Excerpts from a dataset
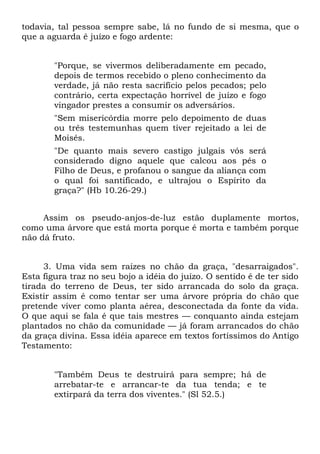 todavia, tal pessoa sempre sabe, lá no fundo de si mesma, que o
que a aguarda é juízo e fogo ardente:


        "Porque, se vivermos deliberadamente em pecado,
        depois de termos recebido o pleno conhecimento da
        verdade, já não resta sacrifício pelos pecados; pelo
        contrário, certa expectação horrível de juízo e fogo
        vingador prestes a consumir os adversários.
        "Sem misericórdia morre pelo depoimento de duas
        ou três testemunhas quem tiver rejeitado a lei de
        Moisés.
        "De quanto mais severo castigo julgais vós será
        considerado digno aquele que calcou aos pés o
        Filho de Deus, e profanou o sangue da aliança com
        o qual foi santificado, e ultrajou o Espírito da
        graça?" (Hb 10.26-29.)


     Assim os pseudo-anjos-de-luz estão duplamente mortos,
como uma árvore que está morta porque é morta e também porque
não dá fruto.


     3. Uma vida sem raízes no chão da graça, "desarraigados".
Esta figura traz no seu bojo a idéia do juízo. O sentido é de ter sido
tirada do terreno de Deus, ter sido arrancada do solo da graça.
Existir assim é como tentar ser uma árvore própria do chão que
pretende viver como planta aérea, desconectada da fonte da vida.
O que aqui se fala é que tais mestres — conquanto ainda estejam
plantados no chão da comunidade — já foram arrancados do chão
da graça divina. Essa idéia aparece em textos fortíssimos do Antigo
Testamento:


        "Também Deus te destruirá para sempre; há de
        arrebatar-te e arrancar-te da tua tenda; e te
        extirpará da terra dos viventes." (Sl 52.5.)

-- Activity --
Scan the entries above for the line containing "tirada do terreno", and copy it and all lines after it exactly, down to and including the line containing "O que aqui se".

-- Solution to the problem --
tirada do terreno de Deus, ter sido arrancada do solo da graça.
Existir assim é como tentar ser uma árvore própria do chão que
pretende viver como planta aérea, desconectada da fonte da vida.
O que aqui se fala é que tais mestres — conquanto ainda estejam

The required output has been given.